Intelligent design has been thoroughly debunked as 'science'.  There should be no consideration of that canard in any science class except as an example of how politics makes a poor scientist.

Teach the fable of creation in literature class or philosophy class.  Teach science in science classes.

But the bigger question remains: why do some folks still cling to this totally discredited and completely unscientific fable?  My answer is arrogance.  Some folks are too arrogant to believe themselves as mammals.  They somehow believe that mankind has been created solely for a higher purpose: to act as God on earth and have dominion over all living things.  Once you accept the fact that mankind IS an animal, that notion rings hollow.


----------



## Madeline (Feb 14, 2011)

AllieBaba said:


> They're openly mocked now.
> 
> By liars who say their pretend science explains the origins of the universe and *precludes the existence of God.*
> 
> The true ignorami are the retards who think it's okay to lie to children.



Where in a public school science text does it say "God does not exist", Allie?

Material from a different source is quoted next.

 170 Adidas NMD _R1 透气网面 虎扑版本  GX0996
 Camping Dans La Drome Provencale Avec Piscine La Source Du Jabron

Ghosts and angels "may" also exist.  Should we add them to the science curriculum as well?


----------



## Ravi (Feb 14, 2011)

I hate to tell you all the bad news, but scientists don't think or believe that humans descended from apes or monkeys.


----------



## Two Thumbs (Feb 14, 2011)

Madeline said:


> AllieBaba said:
> 
> 
> > They're openly mocked now.
> ...



Mythology is tought in our local HS, but there is no mention of god.


----------



## Immanuel (Feb 14, 2011)

rightwinger said:


> Immanuel said:
> 
> 
> > rightwinger said:
> ...



What? 

I thought dinosaurs existed hundreds of millions of years ago not just millions of years ago?

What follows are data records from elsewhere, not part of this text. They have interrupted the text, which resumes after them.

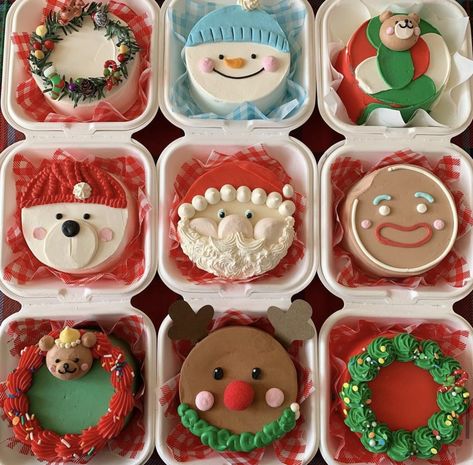 Bento Cake Natal, Christmas Bento Cake, Cake Natal, Flork Bento, Mini Christmas Cakes, Christmas Themed Cake, Xmas Desserts, Christmas Cake Designs, Christmas Cake Decorations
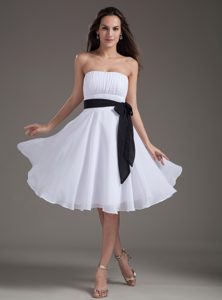 Lace-up White Chiffon Ruched Short Prom Dress with Black Sash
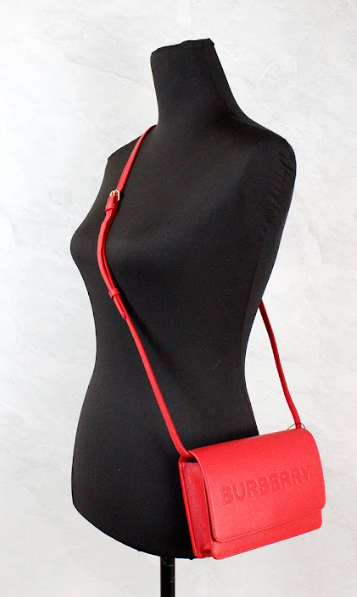 Bolso bandolera Hampshire pequeño de piel lisa con logotipo en relieve rojo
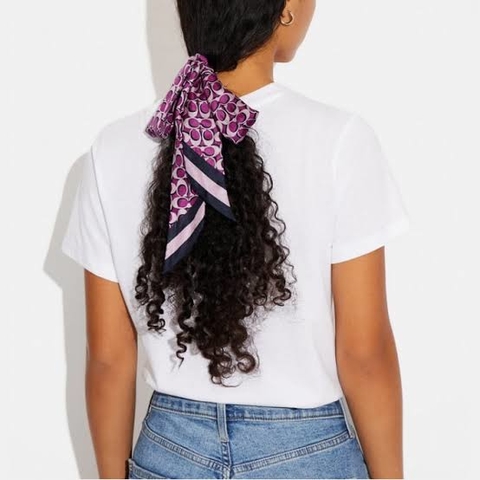 Signature Print Silk Skinny Scarf - comprar en línea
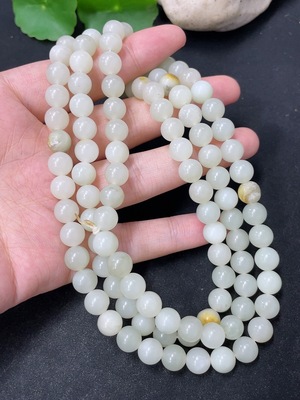 H46574620 和田玉珠链 卡7.7mm左右    货品总重约83.3g 皮色成因未定 含其他矿物成分
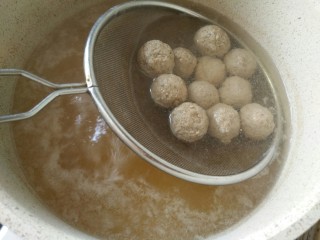 11、中餐厅~番茄牛丸汤,如图,肉丸浮在水面上,即可捞出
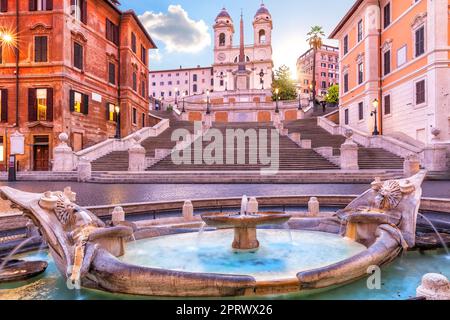 Brunnen des Bootes vor der Spanischen Treppe, Rom, Italien Stockfoto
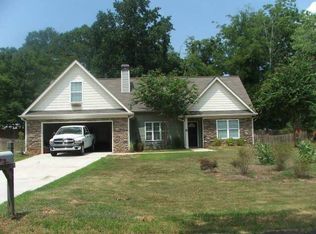 135 Lynnwood Ave, Tyrone, GA 30290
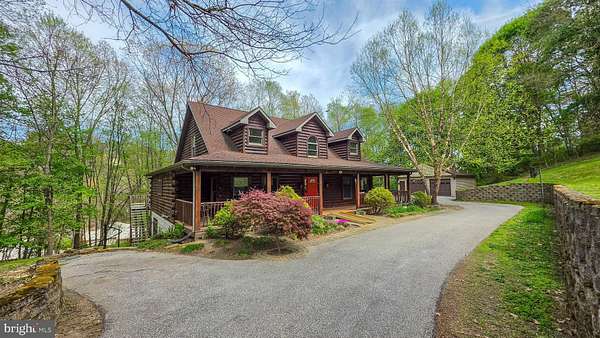 3.1 Acres of Land with Home for Sale in Glen Rock, Pennsylvania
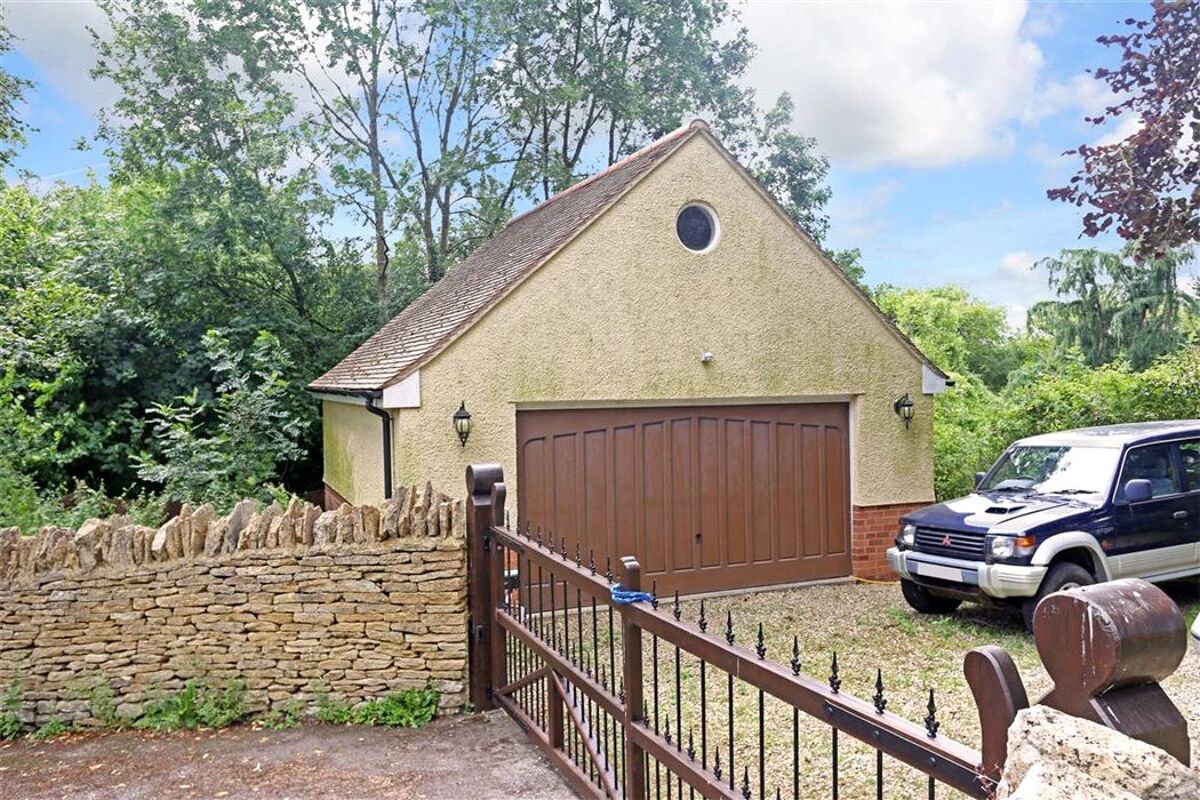 house for sale in Pinfarthings, Amberley, Stroud, Gloucestershire, GL5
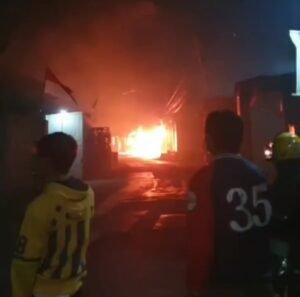 Nahas! Bangunan di Jl. Holis Bandung Hangus Terbakar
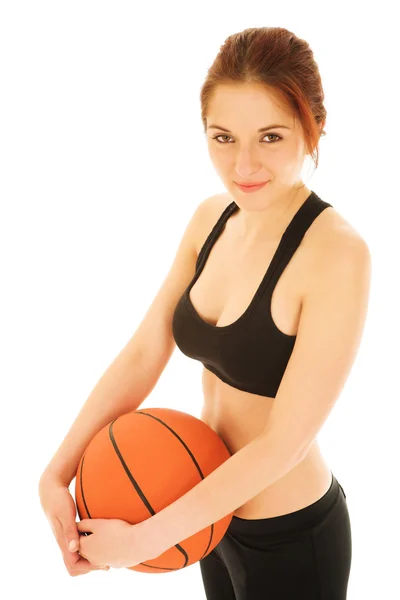 Młody dorosły kaukaski kobieta trzymając koszykówki — Zdjęcie stockowe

I did not come into this thread to debate evolution which is evidently what Madeline intended from the beginning.  The title of the thread was about Tennessee attempting to forbid the teaching of evolution.  According to the quote from the article, that is not what Tennessee is attempting to do.  

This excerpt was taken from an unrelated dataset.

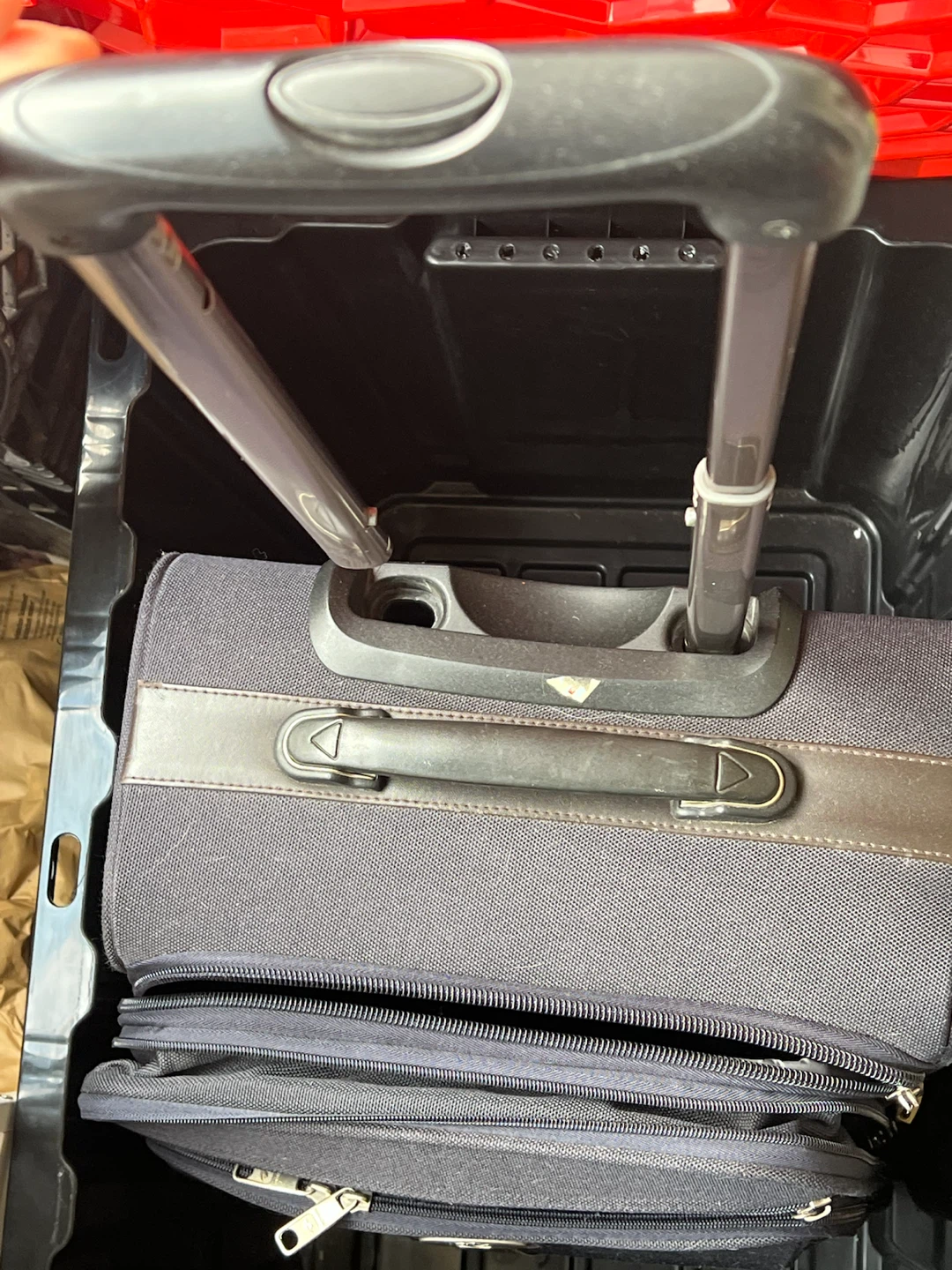 Sonada Black Rolling Suitcase - photo 5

In this very post that you quoted, I said that forbidding the teaching of Evolution was a bad idea.  I think evolution should be taught.  Nor do I think that the idea that species evolve into different species should be avoided, although since it is not proven it should not be taught as fact.  I do not, however, believe that we should be teaching how life began because we do not know.  We have theories some of which may be well thought out, but we do not as of yet, if we ever will, know how life began.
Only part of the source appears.